Library Journal – June 1, 2015
Jackley’s captivating memoir tells how she cofounded Kiva, a nonprofit microfinance organization connecting people worldwide, especially those willing to lend small amounts of money, from $25 to potential entrepreneurs in developing countries. Though these entrepreneurs are poor themselves, they have created new businesses even in the most impoverished communities. The loans enable them to take advantage of opportunities and to grow their businesses. Jackley’s life story and personal transformation are intertwined with the lives of these innovative individuals. Her firsthand experiences with these strivers teach her lessons that she would have never learned in her formal MBA program. Each of the 14 chapters introduces readers to an individual who had a profound impact on the author’s development. These stories are truly inspiring because they show how the subjects created businesses with few resources.

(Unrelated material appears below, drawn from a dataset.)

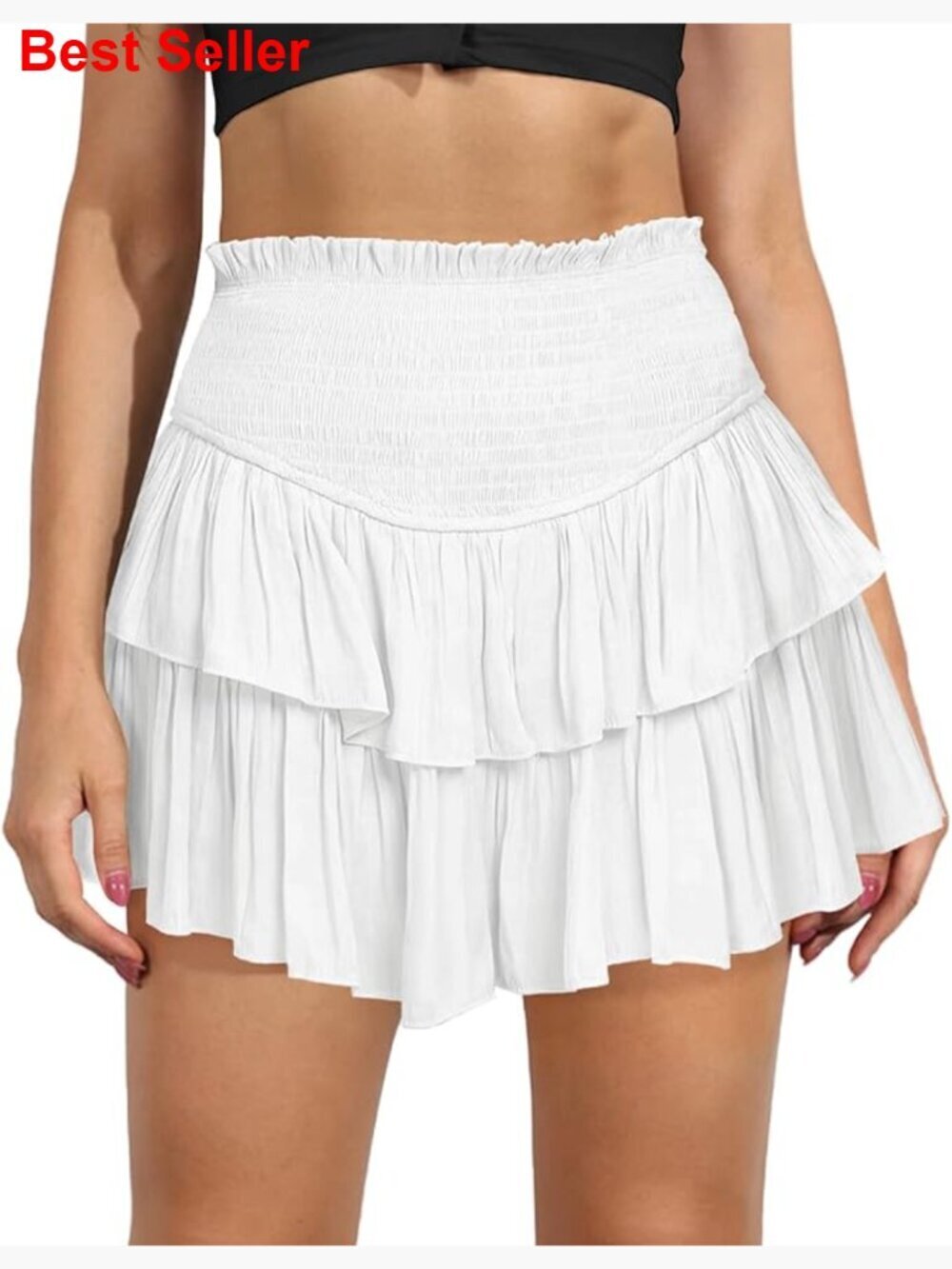 Rayon High Waist Ruffle Mini Skirt Flowy Swing Beach Casual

This enlightening book can be effectively integrated into graduate business, public administration, and human resource studies and will be equally enjoyed by general public audiences.

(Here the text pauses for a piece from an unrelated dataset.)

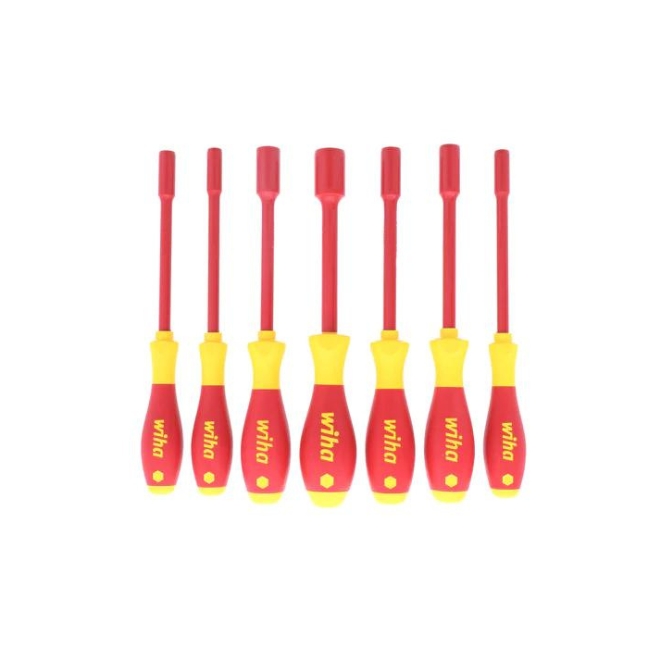 Wiha 32293 SOFTFINISH Insulated Metric Nut Driver Set 7-Piece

—Caroline Geck, Camden Street Sch. Lib., Newark, NJ
Kirkus Review – April 15, 2015
A memoir about how the Internet can help in the fight against poverty, from the co-founder of Kiva, “the world’s first personal microlending platform.” Jackley chronicles how her life was transformed in the fall of 2003 when she heard Muhammad Yunus, founder of Grameen Bank, explain how he was enabling the poor in Bangladesh to free themselves from predatory lenders. Yunus’ account of his work turned the notion of poverty “on its head,” and his speech provided the author with an exciting new method for thinking about the alleviation of poverty. She understood that the poor are “not weak, helpless people. These were people who were capable, tenacious and resourceful.” Jackley went on to co-found Kiva, which enables people to lend small amounts of money, as little as $25, to businesses in countries like Uganda, Kenya, and Tanzania. The author describes how she began to investigate and define a plan that would lead toward her goal. Hooking up with Brian Lehnen and his Village Enterprise Fund, she traveled to East Africa to survey the fund’s grantees and their cultures. In the aftermath of that trip, Jackley designed Kiva to work with existing microlenders, lend money online, and maintain contact through regular updates. As reflected in its mission statement, the company promised “to connect people through lending to alleviate poverty.” Less than 10 people got the ball rolling, and their requests for loans were filmed and posted online. An email to friends helped raise funds, and the author’s venture quickly grew. Yunus’ 2006 Nobel Prize created further interest, which accelerated growth. But it was not all success. In Uganda, they fought against fraudsters and the diversion of funds, and legal and regulatory obstacles doomed her next business, ProFounder. In addition to her own story, Jackley includes folksy business lessons learned from her borrowers—e.g., why the roosters should eat first. A charming account of how “to pursue opportunity and possibility where others see none.”